Problem to solve = The response must consist of the records below, copied exactly.

Extracted material =

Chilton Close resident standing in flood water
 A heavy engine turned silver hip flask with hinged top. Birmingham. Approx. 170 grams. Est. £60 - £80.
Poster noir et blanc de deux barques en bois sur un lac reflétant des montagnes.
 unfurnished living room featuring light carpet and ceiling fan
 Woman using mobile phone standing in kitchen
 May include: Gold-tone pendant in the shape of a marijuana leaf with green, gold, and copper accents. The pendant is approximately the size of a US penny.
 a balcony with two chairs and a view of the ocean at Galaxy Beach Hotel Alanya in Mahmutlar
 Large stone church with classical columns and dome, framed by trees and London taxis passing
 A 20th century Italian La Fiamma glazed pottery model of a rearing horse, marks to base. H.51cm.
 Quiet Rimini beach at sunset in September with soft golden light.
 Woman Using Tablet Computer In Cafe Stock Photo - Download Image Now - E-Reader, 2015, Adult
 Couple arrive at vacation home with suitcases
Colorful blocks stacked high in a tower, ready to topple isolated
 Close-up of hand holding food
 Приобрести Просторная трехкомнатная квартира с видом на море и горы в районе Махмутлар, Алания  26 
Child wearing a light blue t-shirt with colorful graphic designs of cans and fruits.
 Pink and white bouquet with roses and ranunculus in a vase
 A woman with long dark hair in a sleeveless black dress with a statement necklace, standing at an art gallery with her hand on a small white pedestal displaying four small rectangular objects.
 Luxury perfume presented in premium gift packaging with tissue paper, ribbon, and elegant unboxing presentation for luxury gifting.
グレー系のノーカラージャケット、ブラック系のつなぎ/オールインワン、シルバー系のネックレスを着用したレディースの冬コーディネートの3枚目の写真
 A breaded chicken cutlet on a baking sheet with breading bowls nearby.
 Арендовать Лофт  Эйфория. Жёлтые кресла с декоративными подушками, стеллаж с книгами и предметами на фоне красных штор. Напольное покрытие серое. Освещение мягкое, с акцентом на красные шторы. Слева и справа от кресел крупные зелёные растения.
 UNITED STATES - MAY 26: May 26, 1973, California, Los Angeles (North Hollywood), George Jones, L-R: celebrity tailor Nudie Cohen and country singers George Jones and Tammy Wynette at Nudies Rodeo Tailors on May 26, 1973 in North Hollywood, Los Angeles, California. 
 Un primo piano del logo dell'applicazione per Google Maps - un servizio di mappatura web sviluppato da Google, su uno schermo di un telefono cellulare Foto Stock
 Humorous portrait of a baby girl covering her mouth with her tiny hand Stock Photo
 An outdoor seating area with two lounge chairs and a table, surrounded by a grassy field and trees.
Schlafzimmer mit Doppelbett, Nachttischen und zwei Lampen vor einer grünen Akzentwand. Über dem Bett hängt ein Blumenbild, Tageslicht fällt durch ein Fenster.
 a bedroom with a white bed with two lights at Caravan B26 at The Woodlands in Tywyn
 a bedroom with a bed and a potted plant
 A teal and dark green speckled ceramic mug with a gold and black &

Answer to this problem =
Chilton Close resident standing in flood water
 A heavy engine turned silver hip flask with hinged top. Birmingham. Approx. 170 grams. Est. £60 - £80.
Poster noir et blanc de deux barques en bois sur un lac reflétant des montagnes.
 unfurnished living room featuring light carpet and ceiling fan
 Woman using mobile phone standing in kitchen
 May include: Gold-tone pendant in the shape of a marijuana leaf with green, gold, and copper accents. The pendant is approximately the size of a US penny.
 a balcony with two chairs and a view of the ocean at Galaxy Beach Hotel Alanya in Mahmutlar
 Large stone church with classical columns and dome, framed by trees and London taxis passing
 A 20th century Italian La Fiamma glazed pottery model of a rearing horse, marks to base. H.51cm.
 Quiet Rimini beach at sunset in September with soft golden light.
 Woman Using Tablet Computer In Cafe Stock Photo - Download Image Now - E-Reader, 2015, Adult
 Couple arrive at vacation home with suitcases
Colorful blocks stacked high in a tower, ready to topple isolated
 Close-up of hand holding food
 Приобрести Просторная трехкомнатная квартира с видом на море и горы в районе Махмутлар, Алания  26 
Child wearing a light blue t-shirt with colorful graphic designs of cans and fruits.
 Pink and white bouquet with roses and ranunculus in a vase
 A woman with long dark hair in a sleeveless black dress with a statement necklace, standing at an art gallery with her hand on a small white pedestal displaying four small rectangular objects.
 Luxury perfume presented in premium gift packaging with tissue paper, ribbon, and elegant unboxing presentation for luxury gifting.
グレー系のノーカラージャケット、ブラック系のつなぎ/オールインワン、シルバー系のネックレスを着用したレディースの冬コーディネートの3枚目の写真
 A breaded chicken cutlet on a baking sheet with breading bowls nearby.
 Арендовать Лофт  Эйфория. Жёлтые кресла с декоративными подушками, стеллаж с книгами и предметами на фоне красных штор. Напольное покрытие серое. Освещение мягкое, с акцентом на красные шторы. Слева и справа от кресел крупные зелёные растения.
 UNITED STATES - MAY 26: May 26, 1973, California, Los Angeles (North Hollywood), George Jones, L-R: celebrity tailor Nudie Cohen and country singers George Jones and Tammy Wynette at Nudies Rodeo Tailors on May 26, 1973 in North Hollywood, Los Angeles, California. 
 Un primo piano del logo dell'applicazione per Google Maps - un servizio di mappatura web sviluppato da Google, su uno schermo di un telefono cellulare Foto Stock
 Humorous portrait of a baby girl covering her mouth with her tiny hand Stock Photo
 An outdoor seating area with two lounge chairs and a table, surrounded by a grassy field and trees.
Schlafzimmer mit Doppelbett, Nachttischen und zwei Lampen vor einer grünen Akzentwand. Über dem Bett hängt ein Blumenbild, Tageslicht fällt durch ein Fenster.
 a bedroom with a white bed with two lights at Caravan B26 at The Woodlands in Tywyn
 a bedroom with a bed and a potted plant
 A teal and dark green speckled ceramic mug with a gold and black &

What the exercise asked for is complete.